Note: If you use a prompt that expects to generate a result in a unique format, you may also have to pass in a custom output parser (output_parser=your_parser()
) instead of the default PairwiseStringResultOutputParser
.
from langchain.prompts import PromptTemplate
prompt_template = PromptTemplate.from_template(
"""
**Task**: Compare the two responses, A and B, based on the provided criteria.
Provide a step-by-step reasoning for your preference and conclude with either [[A]] or [[B]] on a separate line.

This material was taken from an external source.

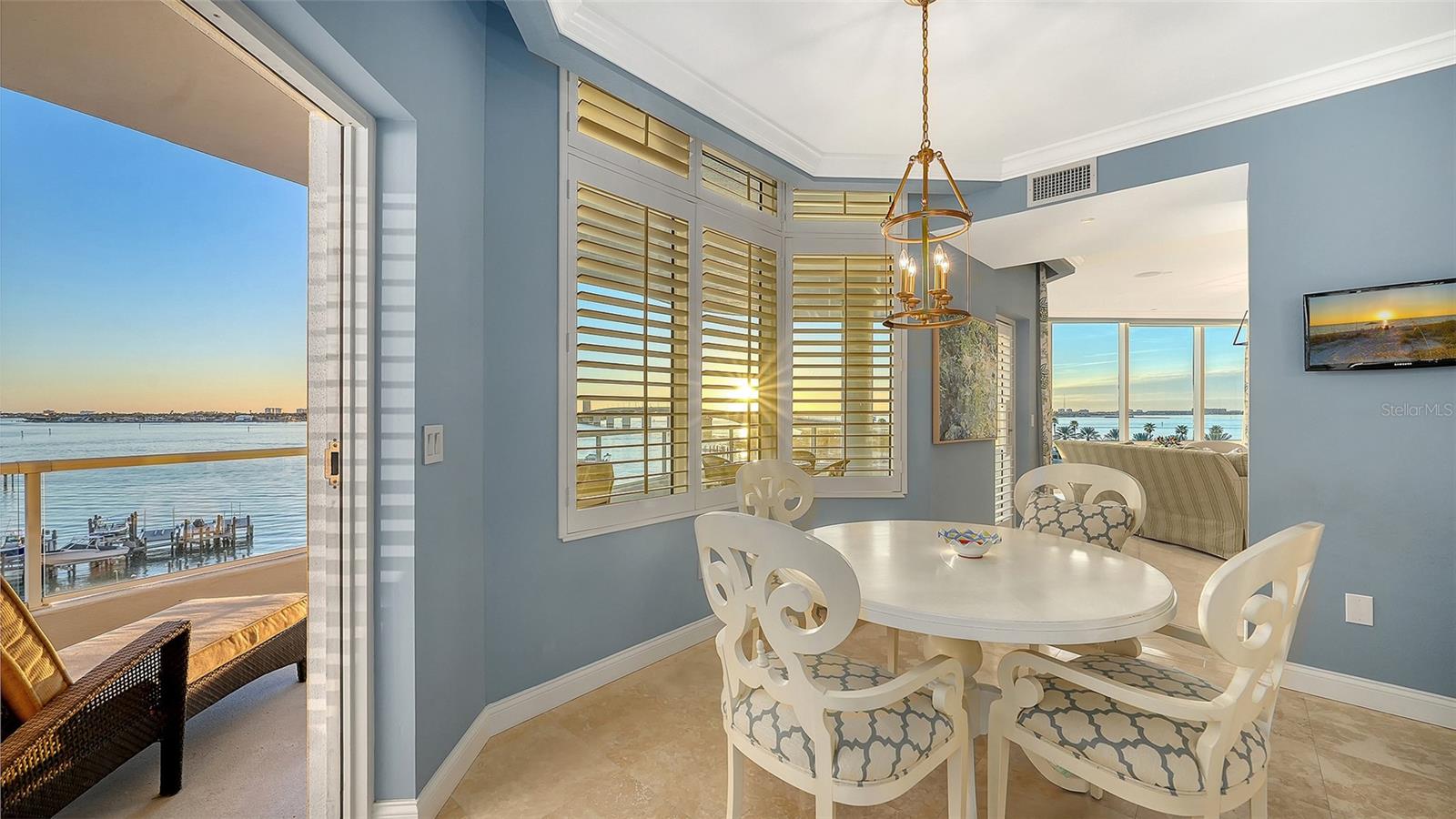 A4677212 Property Photo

Ensure your evaluation is objective and based solely on the given criteria.
**Criteria**:
{criteria}
**Data**:
- **Input Context**: {input}
- **Reference Answer**: {reference}
- **Response A**: {prediction}
- **Response B**: {prediction_b}
**Begin Reasoning Below**:
"""
)
evaluator = load_evaluator(
"labeled_pairwise_string", prompt=prompt_template
)
# The prompt was assigned to the evaluator
print(evaluator.prompt)
input_variables=['input', 'prediction_b', 'reference', 'prediction'] partial_variables={'criteria': 'For this evaluation, you should primarily consider the following criteria:\nhelpfulness: Is the submission helpful, insightful, and appropriate?\nrelevance: Is the submission referring to a real quote from the text?\ncorrectness: Is the submission correct, accurate, and factual?\ndepth: Does the submission demonstrate depth of thought?'} template='\n**Task**: Compare the two responses, A and B, based on the provided criteria. \nProvide a step-by-step reasoning for your preference and conclude with either [[A]] or [[B]] on a separate line. \nEnsure your evaluation is objective and based solely on the given criteria.\n\n**Criteria**:\n{criteria}\n\n**Data**:\n- **Input Context**: {input}\n- **Reference Answer**: {reference}\n- **Response A**: {prediction}\n- **Response B**: {prediction_b}\n\n**Begin Reasoning Below**:\n\n'
evaluator.evaluate_string_pairs(
prediction="The primary gas in Earth's atmosphere is carbon dioxide.",
prediction_b="Earth's atmosphere is primarily composed of nitrogen.",
input="What is the primary gas in Earth's atmosphere?",
reference="The primary gas in Earth's atmosphere is nitrogen.",
)
{'reasoning': "Helpfulness: Both responses attempt to answer the question, but Response B is more helpful because it provides the correct answer.\n\nRelevance: Both responses are relevant to the input context as they both refer to the primary gas in Earth's atmosphere.\n\nCorrectness: Response A is incorrect because the primary gas in Earth's atmosphere is not carbon dioxide, it's nitrogen. Response B is correct.\n\nDepth: Neither response demonstrates a significant depth of thought, as they both provide straightforward answers to the question. However, Response B is more accurate.\n\nBased on these criteria, Response B is the better response.\n\n[[B]]",
'value': 'B',
'score': 0}
In conclusion, LangChain’s comparison evaluators offer a robust and versatile toolset for assessing and contrasting the outputs of different chains or LLMs.
They are indispensable in A/B testing, model version analysis, and AI-driven reinforcement learning. Built on the foundational PairwiseStringEvaluator class, these evaluators provide detailed insights into pairs of strings, making them invaluable for developers and researchers. The flexibility to craft custom evaluators, define unique evaluation criteria, and modify evaluation prompts ensures that users can tailor evaluations to specific needs.
As LLMs evolve and integrate into various applications, such evaluators will be crucial in ensuring the optimal performance, accuracy, and utility of language models and their outputs.